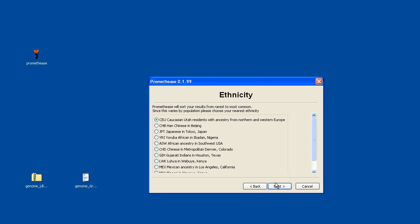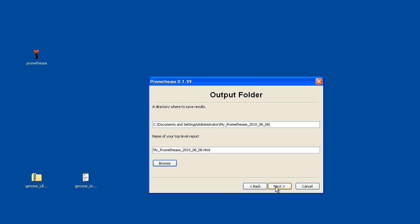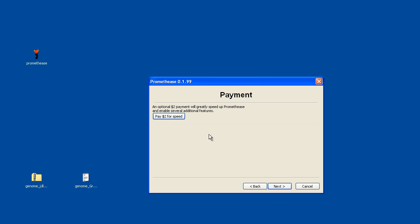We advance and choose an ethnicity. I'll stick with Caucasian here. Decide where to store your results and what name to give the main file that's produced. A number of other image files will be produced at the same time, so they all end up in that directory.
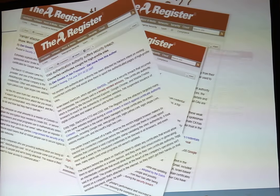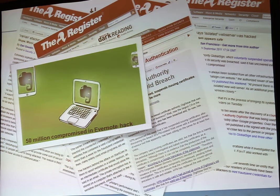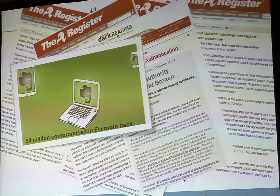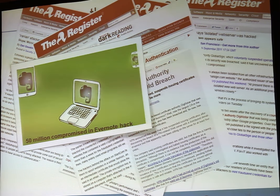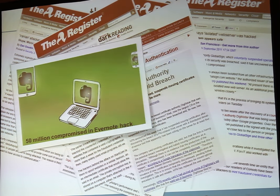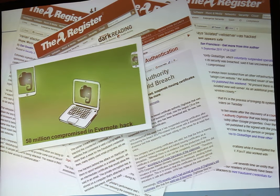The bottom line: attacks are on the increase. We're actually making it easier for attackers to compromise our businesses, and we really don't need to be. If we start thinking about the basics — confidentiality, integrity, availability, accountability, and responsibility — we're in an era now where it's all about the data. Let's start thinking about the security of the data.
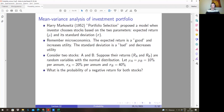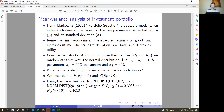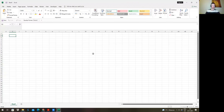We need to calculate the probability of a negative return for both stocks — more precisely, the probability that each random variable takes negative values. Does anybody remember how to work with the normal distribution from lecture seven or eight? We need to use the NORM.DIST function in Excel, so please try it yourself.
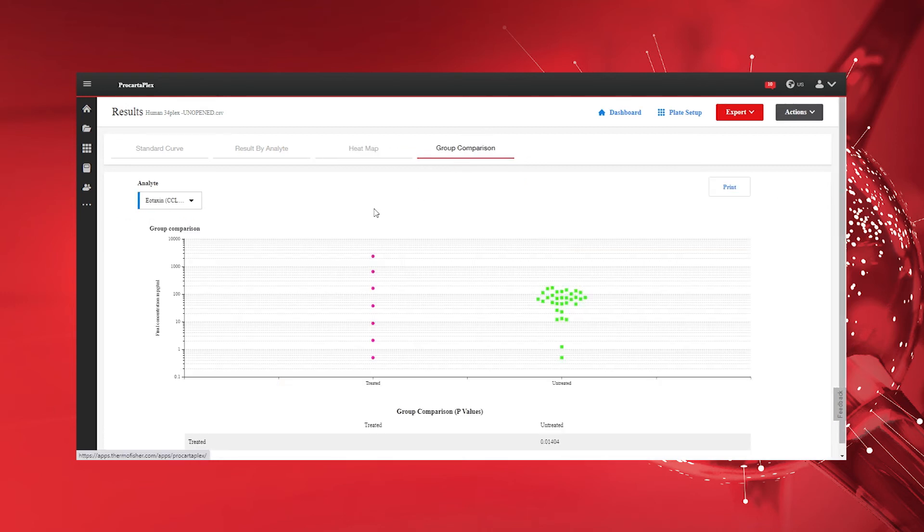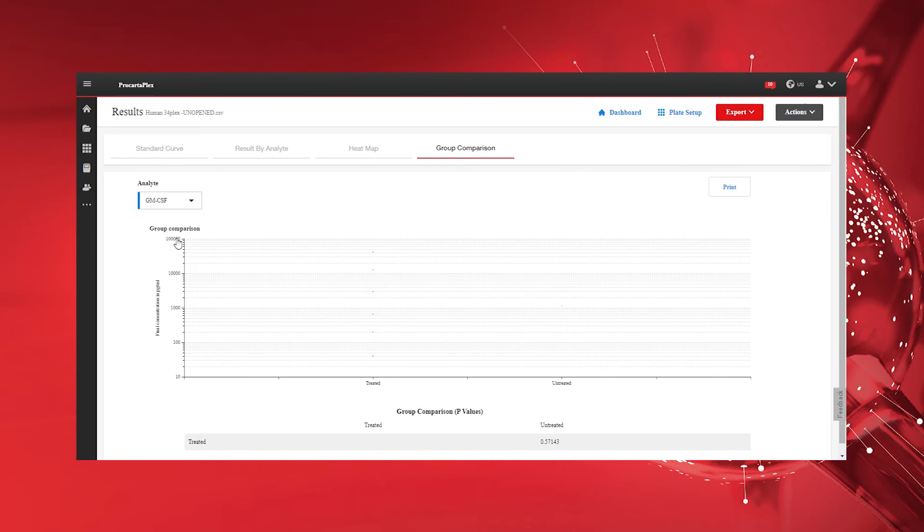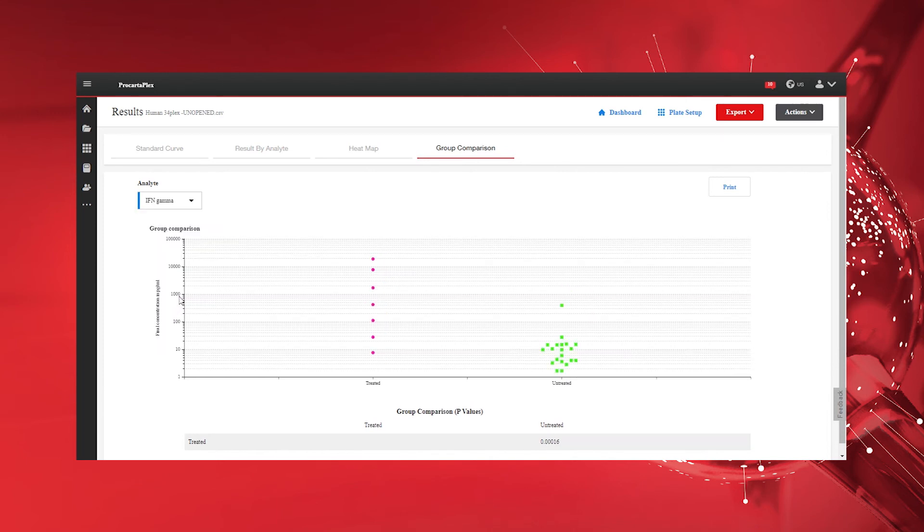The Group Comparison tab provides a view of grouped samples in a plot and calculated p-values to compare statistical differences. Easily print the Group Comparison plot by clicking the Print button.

-.-.-

Your answer should be the lines from the line containing "The bottom line: attacks" through the end of the listing above, output exactly and alone, without the pictures.

The bottom line: attacks are on the increase. We're actually making it easier for attackers to compromise our businesses, and we really don't need to be. If we start thinking about the basics — confidentiality, integrity, availability, accountability, and responsibility — we're in an era now where it's all about the data. Let's start thinking about the security of the data.
We need to calculate the probability of a negative return for both stocks — more precisely, the probability that each random variable takes negative values. Does anybody remember how to work with the normal distribution from lecture seven or eight? We need to use the NORM.DIST function in Excel, so please try it yourself.
The Group Comparison tab provides a view of grouped samples in a plot and calculated p-values to compare statistical differences. Easily print the Group Comparison plot by clicking the Print button.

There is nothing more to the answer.